Conversely, and contrary to those who argue that withdrawal of treatment has nothing in common with euthanasia since it amounts to refusing futile care, actions of withdrawing, limiting and withholding treatment are not as morally neutral as we might be led to believe. This is well expressed by two nurses who describe their experiences withdrawing and withholding treatment: “to let die is not simply allowing someone to die”. They explain that letting die is not simply a question of allowing someone to die; you have to know how to let a patient die both technically and morally [23].
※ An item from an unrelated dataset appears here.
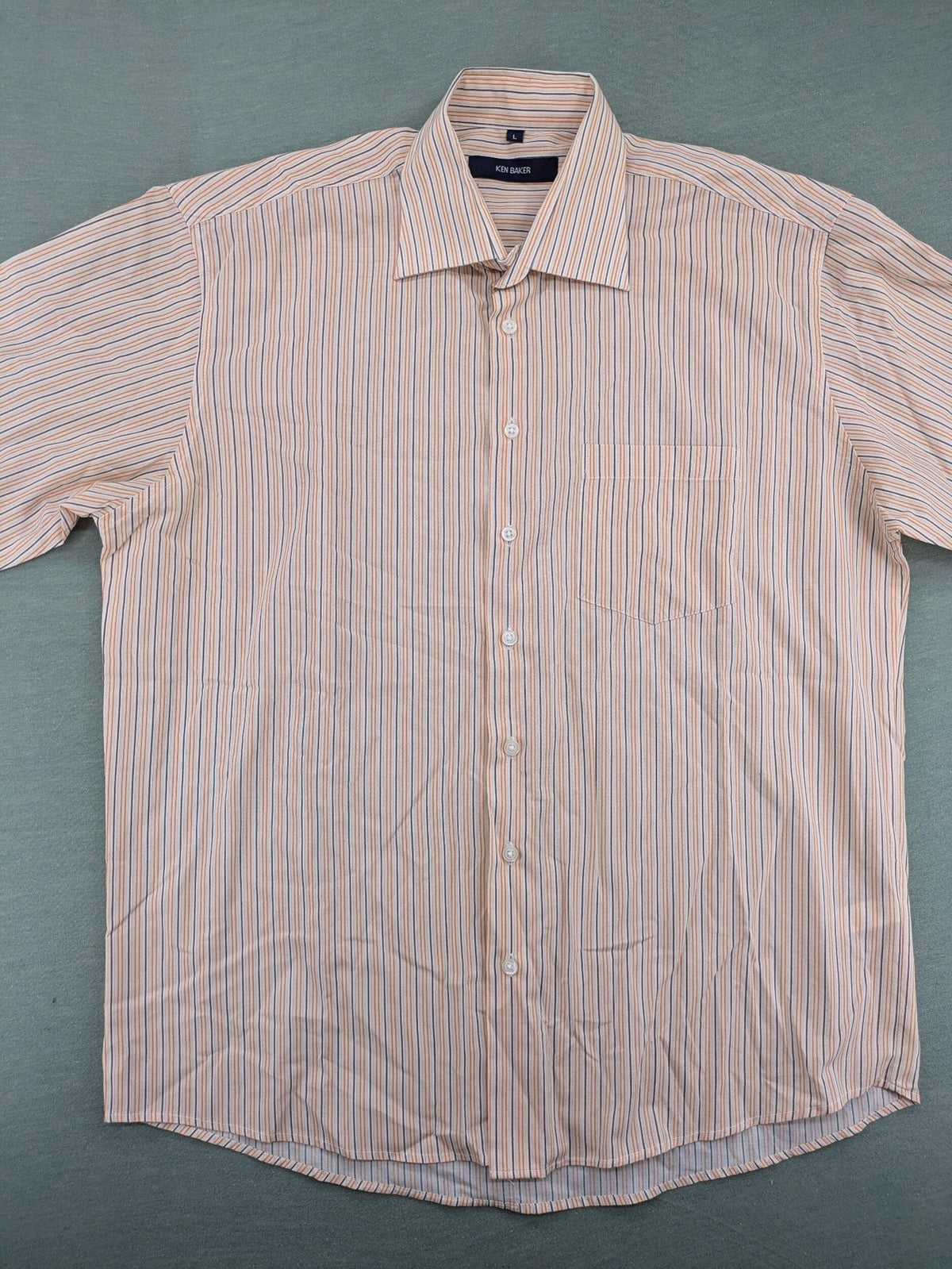 Ken Baker orange short-sleeve shirt with vertical stripes and chest pocket.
By way of conclusion, we may affirm that euthanasia raises two questions it is crucial to distinguish. The first is to ask whether lethal injection, the most active of all the possible end-of-life acts and the only one which remains illegal along with assisted suicide, is morally justifiable, and if so, under what circumstances. The second is to ask whether it could, or should, be legalized. We have already seen that there is a real continuity between the various end-of-life acts, and that the more active acts are considered to be morally more problematic than the more passive ones. However, this does not preclude in itself the possibility of legalizing lethal injection under certain strict circumstances in the future. The law merely aims at providing healthcare workers with the means necessary to carry out end-of-life decisions in the best possible way given the constraints of each particular case. It is up to those caring for the patients, the ‘midwives of the dying process’ [24], to balance the morally problematic nature of active end-of-life acts with two other major moral constraints: respecting the patient’s wishes and limiting the patient’s suffering. This having been said, the depenalization of active euthanasia should very carefully consider the potential for abuse and take appropriate measures in order to avoid this risk. A detailed examination of the situation in the Netherlands, which was the first European country to legalize active euthanasia, will help identify a few essential questions: should euthanasia be allowed for patients who are not at the end of their life? Would the right to die be a negative or a positive right? (could we simple request it or could we demand it?); how can we avoid creating a situation in which lethal injection becomes the default response rather than the last resort? [25] Whatever we decide as a society, it is useful to remember that modern medicine has forever lost the ethical innocence which previously characterized the end-of-life decisions it must inevitably make. It is to no avail to strive to recover the “lost paradise of letting die.”